REPUBLIKA.CO.ID, JAKARTA -- Ketua Komisi Pemberantasan Korupsi (KPK) Firli Bahuri menegaskan, kerja sama antara pimpinan dan Dewan Pengawas (Dewas) KPK terjalin dengan baik. Firli juga mengatakan, hingga saat ini dewas belum pernah menolak penyadapan yang dilakukan oleh KPK.
"Sampai hari ini tidak ada konflik antara dewan pengawas dan pimpinan KPK karena tujuannya sama. Dewas tidak ada menghambat UU KPK. Mekanismenya sudah dibangun," kata Firli, Rabu (11/3).
Firli melanjutkan, tugas pokok dewas diatur dalam Pasal 37 b ayat 2 UU Nomor 19 Tahun 2019. Ia juga mengungkapkan, dewas tidak pernah menghambat kerja penyidik KPK. "Dewas memberikan izin atau menolak penyadapan, penggeledahan, dan penyitaan.

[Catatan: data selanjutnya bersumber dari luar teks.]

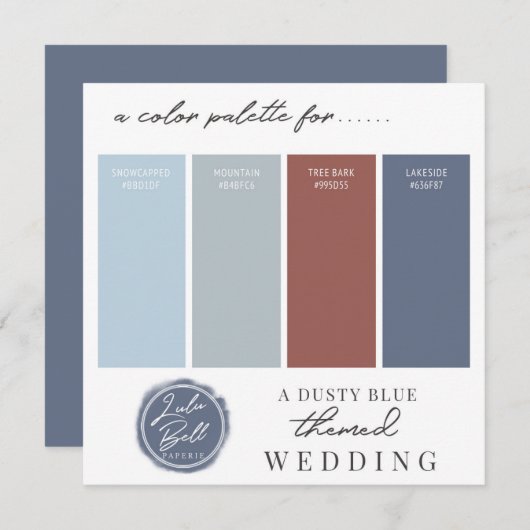 Dusty Blue Cinnamon & Navy Color Palette Kaart (Voorkant / Achterkant)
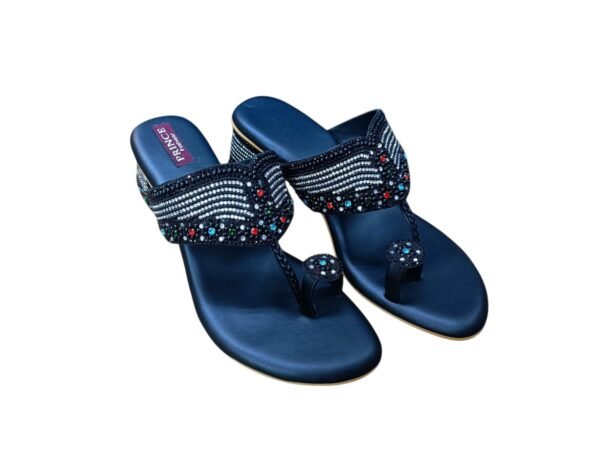 WhatsApp Image 2026-06-10 at 2.58.49 PM Prince Footwear Women's Black Crystal Embellished Toe-Ring Sandals with 2.5-Inch Block Heel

Sampai hari ini belum ada yang ditolak," ujarnya.
Berdasarkan Pasal 37 UU Nomor 19 Tahun 2019 tentang Perubahan UU KPK, setidaknya dewan pengawas punya enam tugas. Pertama, mengawasi pelaksanaan tugas dan wewenang KPK.
Kedua, menetapkan kode etik pimpinan dan pegawai KPK. Ketiga, menerima laporan kalau ada dugaan pimpinan atau pegawai yang melanggar kode etik. Keempat, melakukan persidangan terhadap orang yang melakukan dugaan adanya pelanggaran UU ataupun pelanggaran kode etik.
Tugas kelima dewas adalah memberikan persetujuan atau tidak atas penyadapan dan penggeledahan dan penyitaan. Keenam, mengevaluasi kinerja KPK selama satu tahun dan melaporkannya ke presiden, DPR, dan BPK, yang sudah diatur dalam UU.
"Mekanismenya sudah kita bangun. Kalau penyadapan maka akan kita gelar perkara lengkap alasan dan kasusnya. Geledah dan penyitaan juga. Penyadapan sudah lebih dari 116 yang berjalan. Tidak ada masalah dewas dan pimpinan karena semangatnya sama," katanya.
Menurut Frili, sejak ia dilantik, sudah ada lebih dari 116 surat perintah penyadapan, lebih dari 80 surat perintah penggeledahan, serta lebih dari 80 surat perintah penyitaan. "Surat perintah penyelidikan sudah lebih dari 60. Surat perintah penyidikan di atas 24. Tidak ada hambatan tugas pokok KPK," ucapnya.